**Exercise data**
• • •

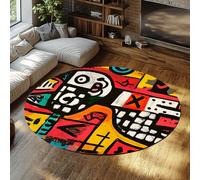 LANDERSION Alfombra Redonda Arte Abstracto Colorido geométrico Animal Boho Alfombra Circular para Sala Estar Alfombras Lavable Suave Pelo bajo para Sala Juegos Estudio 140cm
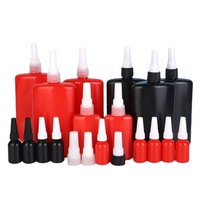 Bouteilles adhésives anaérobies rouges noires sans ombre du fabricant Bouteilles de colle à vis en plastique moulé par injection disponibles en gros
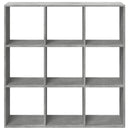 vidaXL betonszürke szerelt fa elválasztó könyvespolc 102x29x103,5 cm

• • •

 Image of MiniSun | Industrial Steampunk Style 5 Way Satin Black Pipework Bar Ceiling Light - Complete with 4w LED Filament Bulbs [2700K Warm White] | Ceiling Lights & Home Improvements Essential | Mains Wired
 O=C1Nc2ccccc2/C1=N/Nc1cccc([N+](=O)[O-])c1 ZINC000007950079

• • •

Both the line containing "Image of MiniSun" and the line containing "O=C1Nc2ccccc2/C1=N/Nc1cccc([N+](=O)[O-])c1 ZINC000007950079" belong in the answer. Print them and every line above that falls between them exactly, and no others.

**Expected answer**
 Image of MiniSun | Industrial Steampunk Style 5 Way Satin Black Pipework Bar Ceiling Light - Complete with 4w LED Filament Bulbs [2700K Warm White] | Ceiling Lights & Home Improvements Essential | Mains Wired
 O=C1Nc2ccccc2/C1=N/Nc1cccc([N+](=O)[O-])c1 ZINC000007950079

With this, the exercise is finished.